What makes Majalis distinctive is its willingness to layer sweetness against shadow. The opening, incense and pink pepper with a burst of berry and peach, reads almost edible. But as it develops, the dates and saffron introduce a deeper, almost resinous quality that grounds the sweetness in something darker. The Taif rose doesn't behave like a typical rose; it's warmer, more complex, threaded with spice rather than petals. By the drydown, oud and tobacco emerge, pushing the fragrance from opulent into something genuinely animalic. The progression isn't linear. It's a conversation that changes tone.
The evolution
The first thirty minutes announce themselves.
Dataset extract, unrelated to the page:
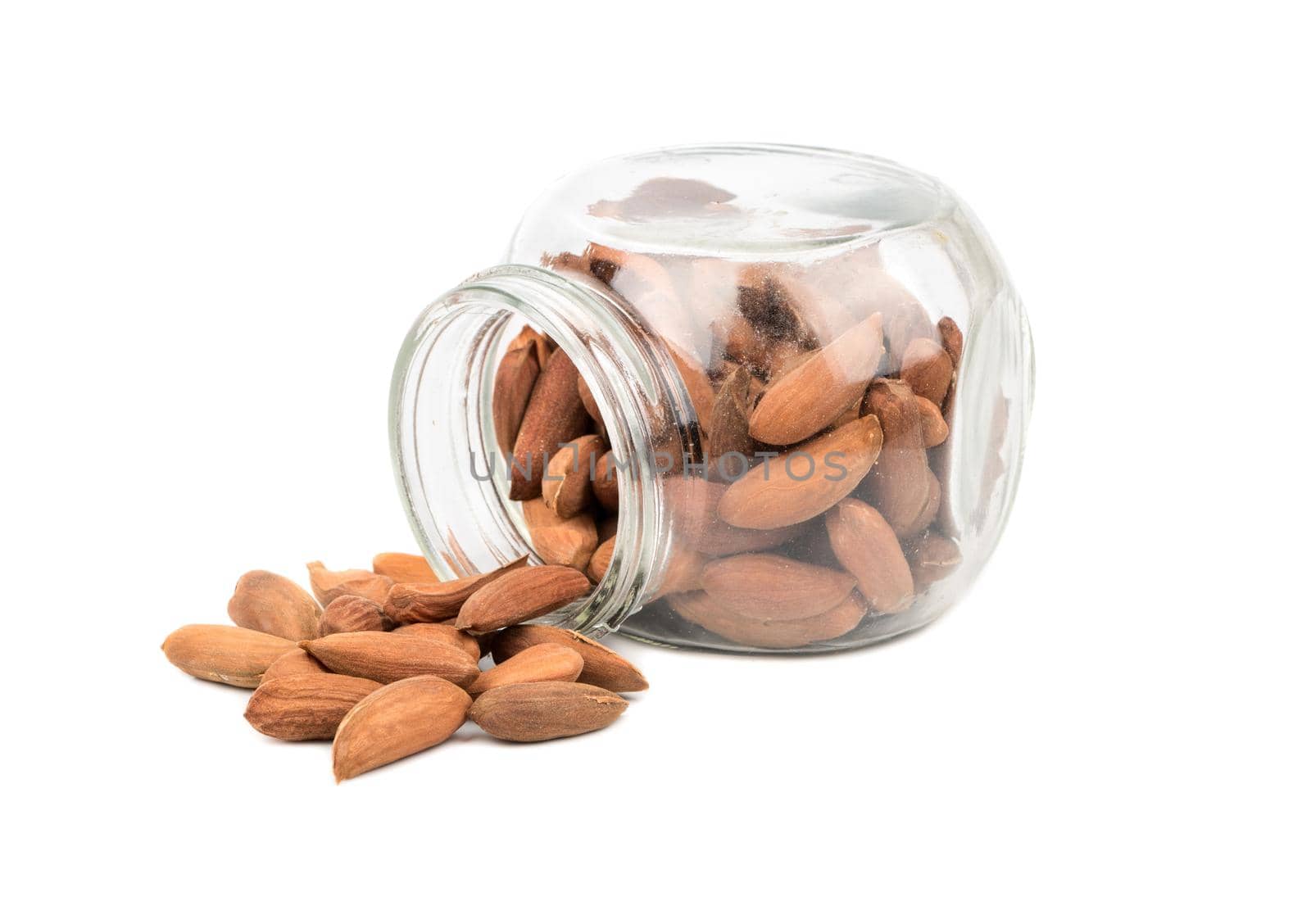 Scattered Uzbek almonds from a glass jar on a white background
Smoke from the incense curls upward, pink pepper sparks at the edges, and beneath it all the berry-fruit sweetness, raspberry, peach, cuts through like brightness in a doorway. Then the handoff: Taif rose unfurls, dates caramelize, saffron threads everything together with its peculiar combination of metallic heat and honeyed depth. This is the heart of the fragrance, and it lasts. The drydown belongs to oud and tobacco, warm, animalic, intimate in a way the opening never was. Not a room-filler at this point. Close to the skin. The kind of presence you catch when someone leans in. As the hours pass, the fruity brightness softens, the rose deepens into something more resinous, and the coffee note takes on a roasted warmth that lingers in the base like an afterthought you can't quite shake.
Cultural impact
Majalis occupies a particular space within contemporary Gulf perfumery: not the classical oud-heavy formulations of traditional attars, nor the Western-style florals that populate mass luxury, but something in between. The incense-forward oriental structure, smoky, fruity, powdery, has made it a sought-out option for those exploring niche Middle Eastern fragrances beyond the expected. Its combination of Taif rose, Arabian coffee, and oud remains distinctive enough to spark conversation among those who seek it out.